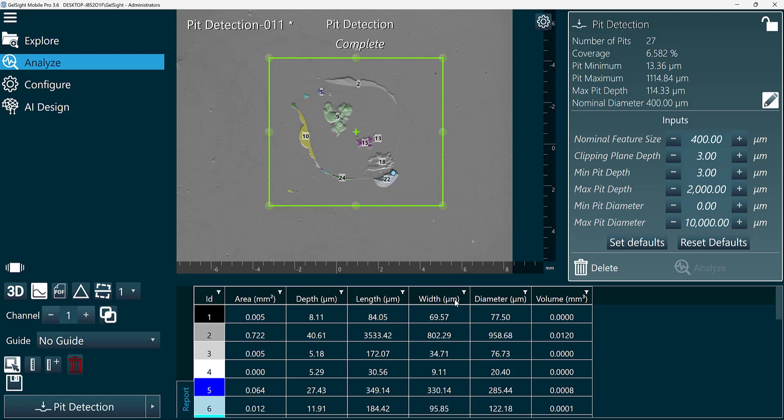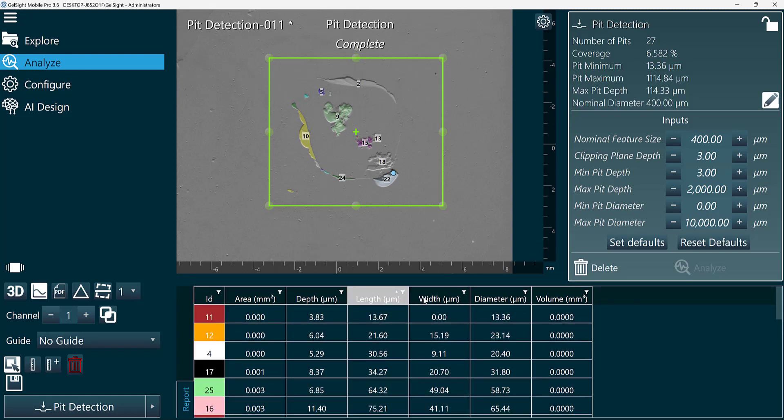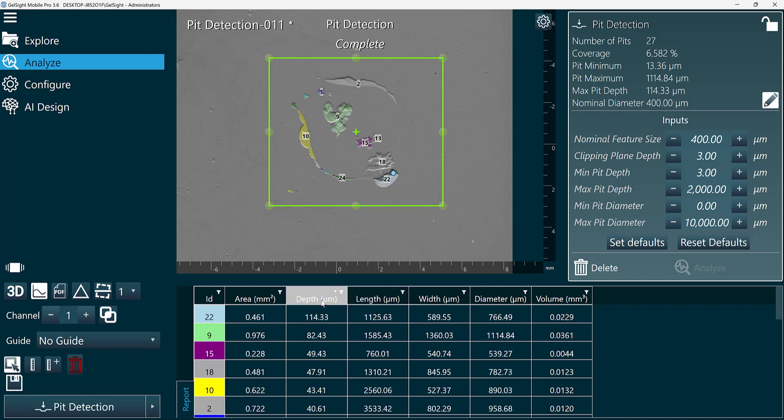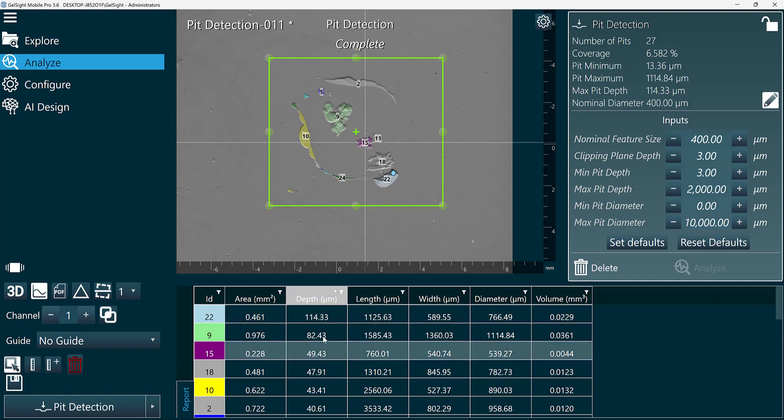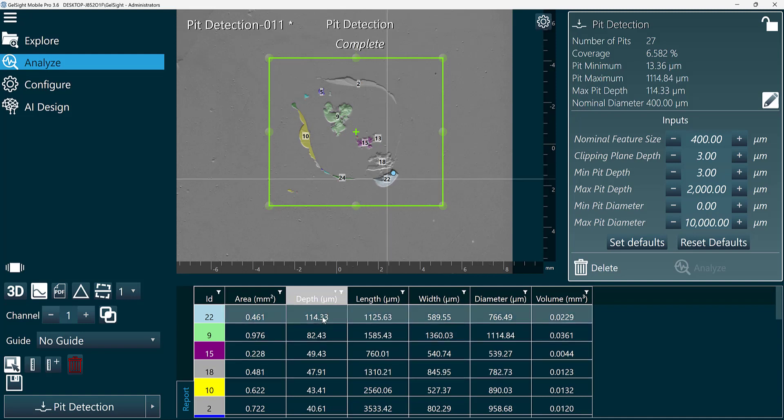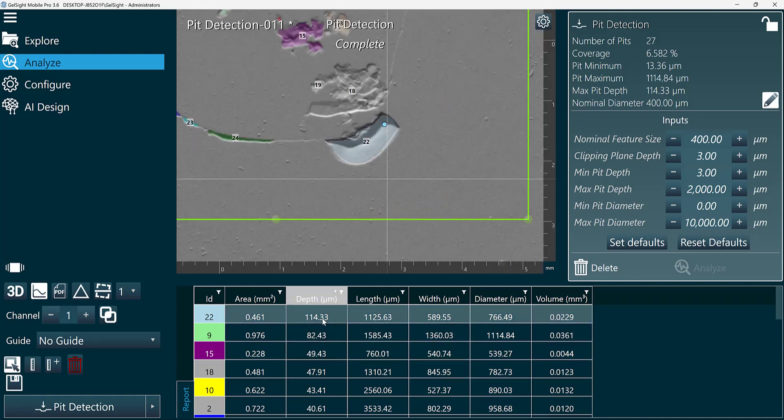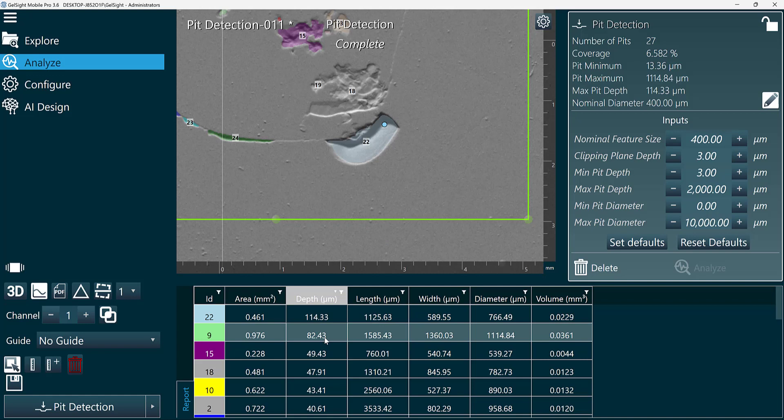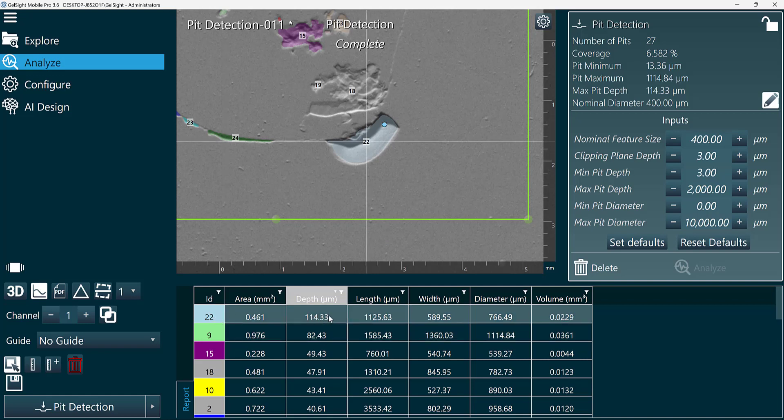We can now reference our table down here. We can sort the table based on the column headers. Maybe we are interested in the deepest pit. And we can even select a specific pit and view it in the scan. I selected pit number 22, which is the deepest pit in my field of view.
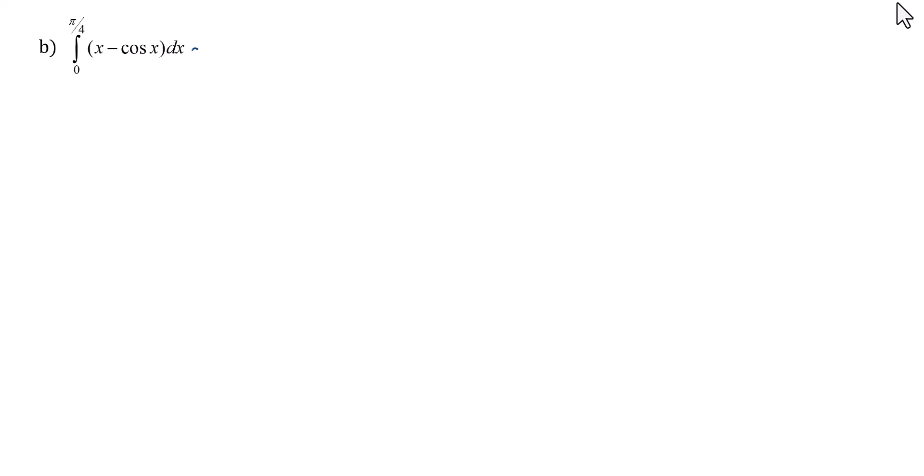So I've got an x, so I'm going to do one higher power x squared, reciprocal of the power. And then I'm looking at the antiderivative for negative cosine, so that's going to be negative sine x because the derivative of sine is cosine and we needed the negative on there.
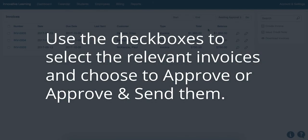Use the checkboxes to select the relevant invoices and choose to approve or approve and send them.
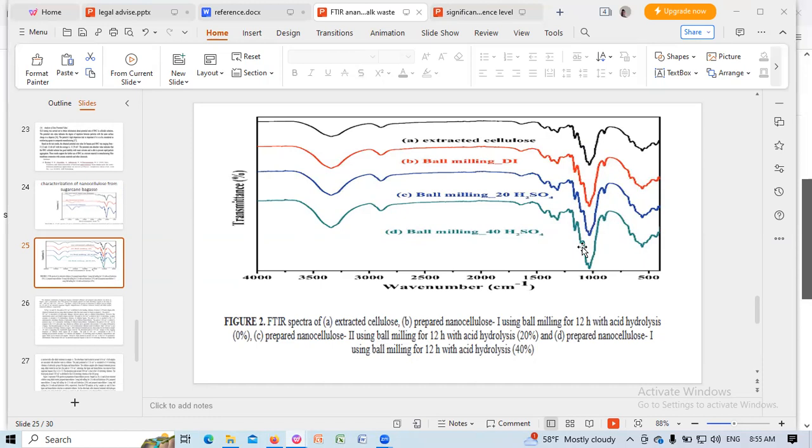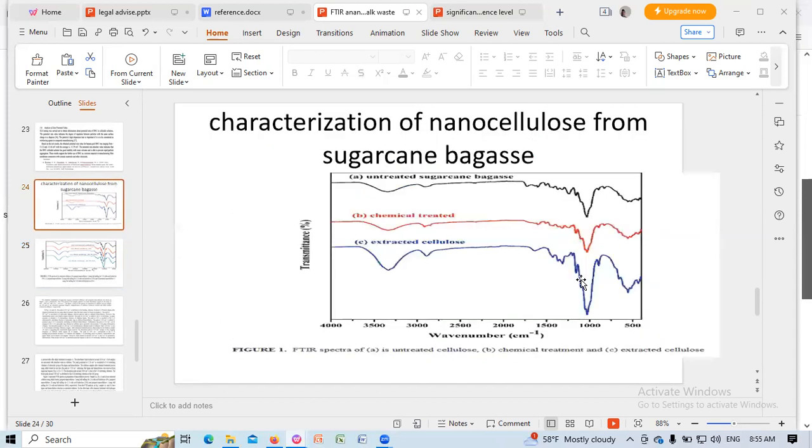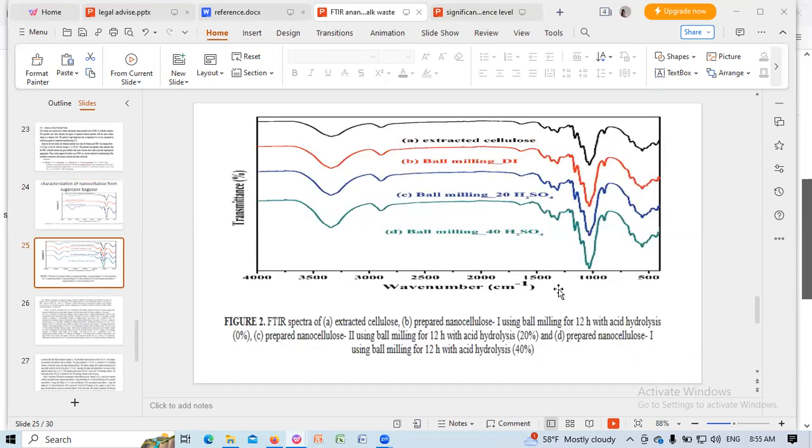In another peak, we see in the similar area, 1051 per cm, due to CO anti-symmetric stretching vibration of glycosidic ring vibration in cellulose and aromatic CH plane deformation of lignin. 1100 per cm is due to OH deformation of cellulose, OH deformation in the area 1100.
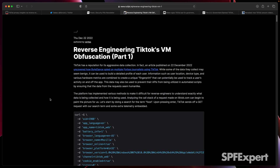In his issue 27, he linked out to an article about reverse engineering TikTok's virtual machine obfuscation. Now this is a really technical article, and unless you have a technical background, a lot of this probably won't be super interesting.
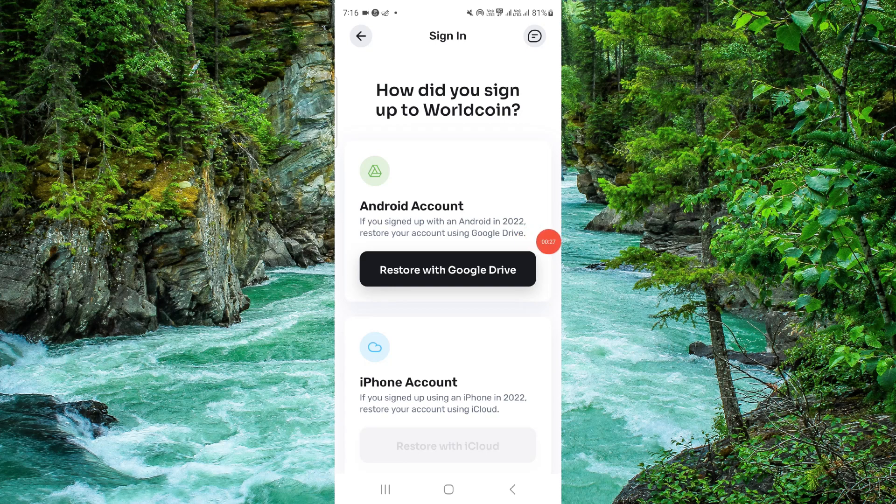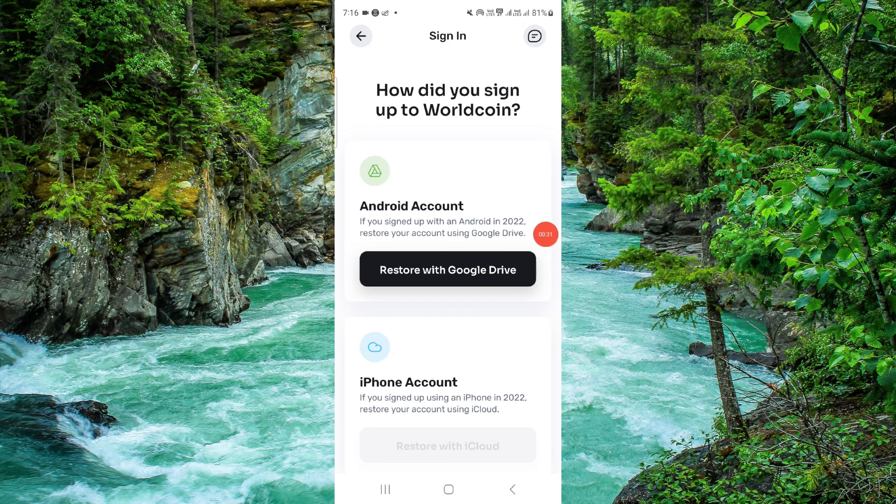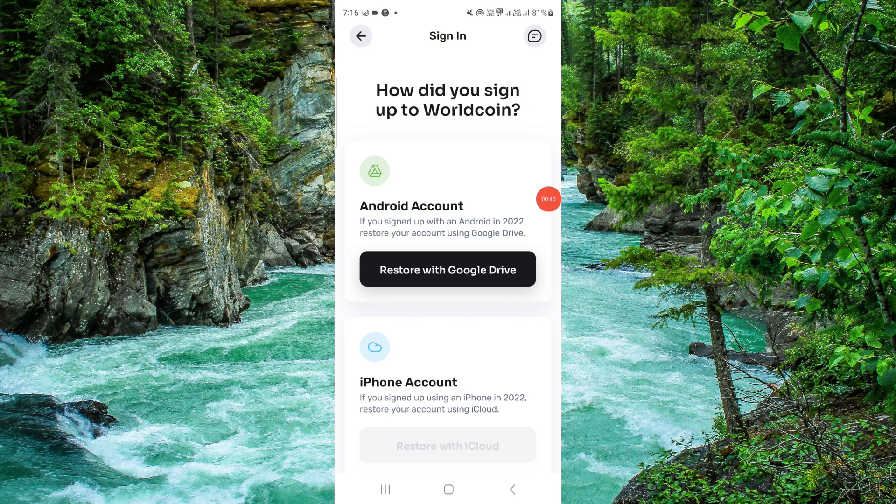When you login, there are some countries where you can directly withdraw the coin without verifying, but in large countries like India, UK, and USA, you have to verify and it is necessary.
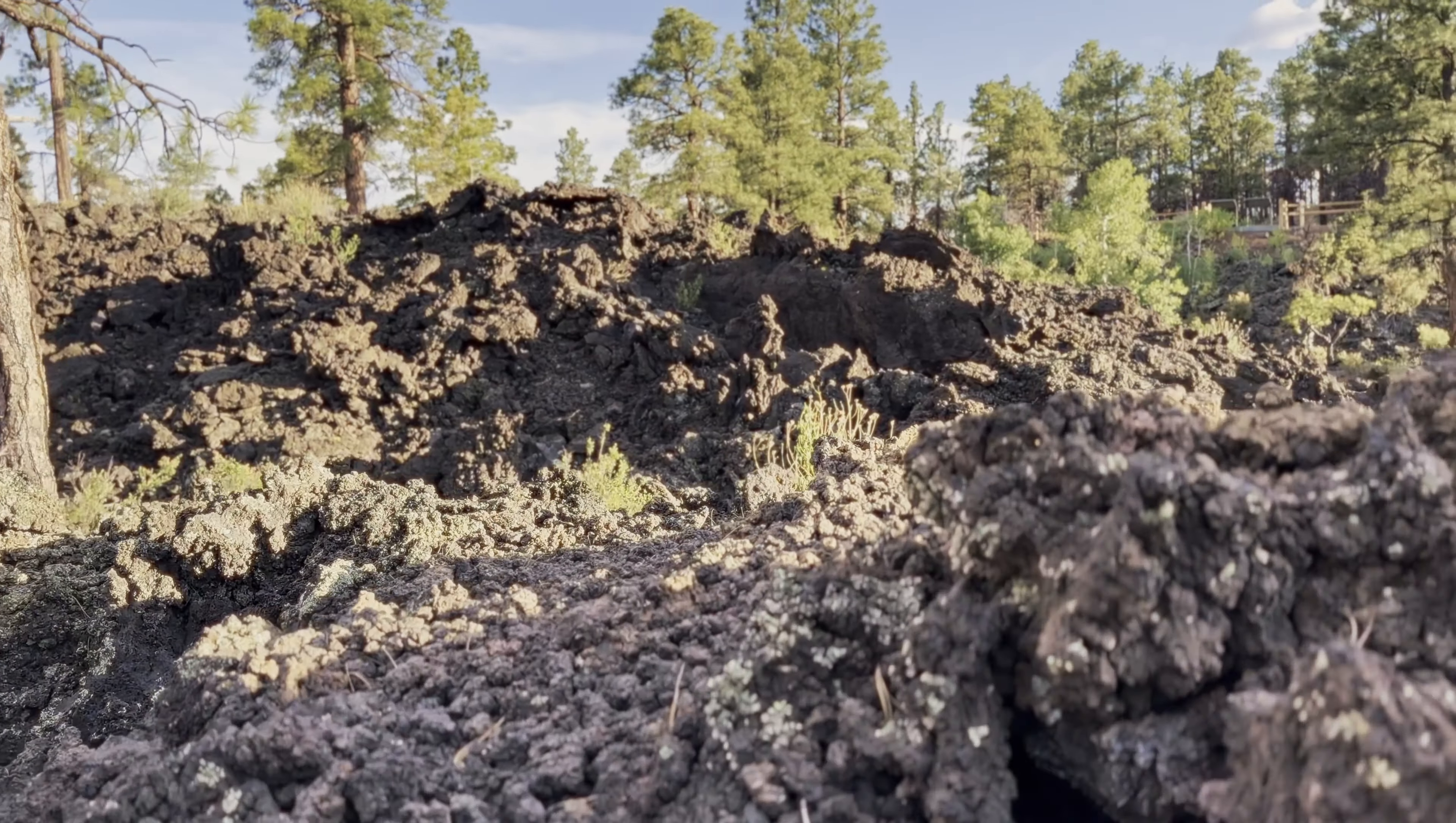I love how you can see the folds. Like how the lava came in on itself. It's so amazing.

-- Task item --
Only one thing is wanted here, an exact copy of the lines from the first line above through the line containing "In another peak, we", minus any picture.

-- Solution to the exercise --
We can now reference our table down here. We can sort the table based on the column headers. Maybe we are interested in the deepest pit. And we can even select a specific pit and view it in the scan. I selected pit number 22, which is the deepest pit in my field of view.
So I've got an x, so I'm going to do one higher power x squared, reciprocal of the power. And then I'm looking at the antiderivative for negative cosine, so that's going to be negative sine x because the derivative of sine is cosine and we needed the negative on there.
Use the checkboxes to select the relevant invoices and choose to approve or approve and send them.
In another peak, we see in the similar area, 1051 per cm, due to CO anti-symmetric stretching vibration of glycosidic ring vibration in cellulose and aromatic CH plane deformation of lignin. 1100 per cm is due to OH deformation of cellulose, OH deformation in the area 1100.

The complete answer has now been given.